We’re spotlighting some of the chicest comedians RN, all of whom will be straight killing it at the JFL42 festival in a quick min. First, we chatted with Sasheer Zamata. Next up: Rachel Feinstein! Amy Schumer’s bestie dishes on the ups and down of comedian life, from dealing with hater couples and subsisting on cake to finding a BF who loves her work and making sad people laugh. (Stay tuned for our chat with comic extraordinaire Jen Kirkman next!)
We’re pretty jellies that Amy Schumer already claimed Rachel Feinstein for her BFF because Feinstein seems like the perfect bestie: smart, feminist and always has a hilarious story or mom-pression at the ready, and a warm, conversational style that makes you feel like you’re watching her hold court at your favourite bar, waving a G&T around. Her cool-girl vibe belies some serious craft: she slayed critics with her awesomely named Only Whores Wear Purple special last year and then landed one of the most coveted jobs in comedy—touring with Louis CK. If we can’t be pals, well, we’ll be happy to settle for the bounty of brilliant dick jokes, scathing sexual self-deprecation and ex-boyfriend burns her stand-up yields. We’ll bring the G&Ts.
You can catch Rachel Feinstein as part of comedy festival JFL42 in Toronto, Sept. 22 through Sept. 24.
What do you love most about being a comedian?
It’s a place you can put any ridiculous experiences. Some heinous moment for somebody else is a gift for a comic, because then it ends up in the act. I don’t know how other people process things. Any ridiculous, unacceptable thing that happens, for me, it’s so nice: “Oh, just place it in that stand-up bin” and everything’s fine. I need to fill up that bin, anyway.
What is the hardest part about being a comedian?
It can be a bipolar career: the highs are highs, the lows are low. And you can do four shows in a night but you’ll remember the one where somebody was glaring at you from the front row. Sometimes it just turns out that there was something in her eye—but it will still bother you all night. That sort of up and down, it’s hard.

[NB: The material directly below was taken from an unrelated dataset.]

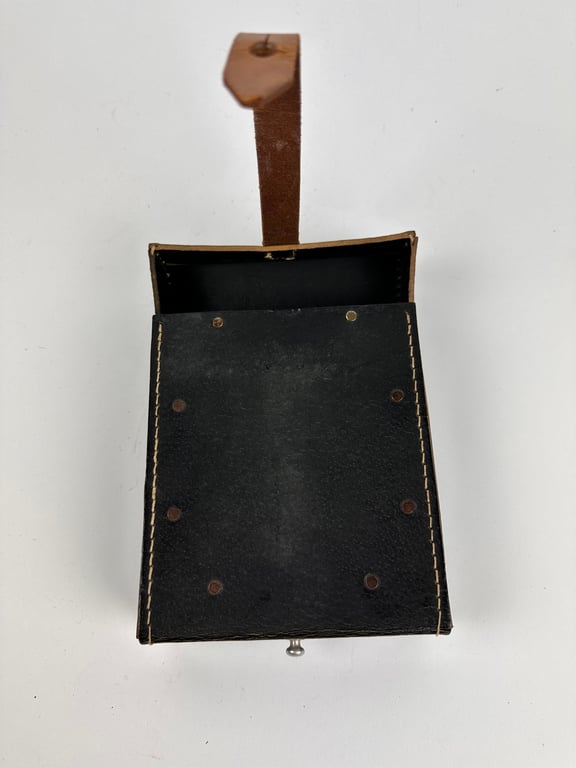 Late war MG34/42 Tool Pouch "mint condition"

What is the weirdest thing someone has said to you after a show?
One time, I thought I really killed, then I got offstage and this woman was motioning me over to her and her husband, and I got really close; I was opening my body language up for my compliment, as I thought I would surely get a compliment, and then the man just said, “Watch out when you talk about God.” And I was like, “Okay, very well, sir.” And they both let me know that they were just disgusted. The woman told me she wasn’t going to be able to sleep that night. I always think it’s funny when a couple is co-offended like that, like, “Wow, what fun lives you must have! You just walk around and go to comedy shows and let people know that you’re co-offended as a couple.” It was terrifying. I got scolded. I always get scolded! Yeah, I’ve had a lot of people scold me after shows, like, “Don’t do that!” And really in life in general and outside of standup I’ll get scolded. People feel comfortable scolding me.
What is it that you do that is so scoldable?
I don’t even remember the joke I did or what I said about God; I have no memory of what it was that made him so furious. I tell stories and people get offended by weird things. I told some story with a kid who had a peanut allergy and this woman and her husband wrote me a long email, letting me know that they were co-offended by the fact that I had mentioned somebody with a peanut allergy. Now you can’t say anything: everybody gets furious. They’re like, “that reminds me of a vague negative feeling I once had, so you must be evil and you must be stopped,” which I think is a really terrifying direction.
Speaking of scolding, there have been some high-profile comics who have come under fire for their policing of what material women should and shouldn’t do, but with so many strong women who are killing it right now, talking about a whole wide range of different topics, why do you think that their material and legitimacy in the industry is up for debate, even among comedians? Why is that happening?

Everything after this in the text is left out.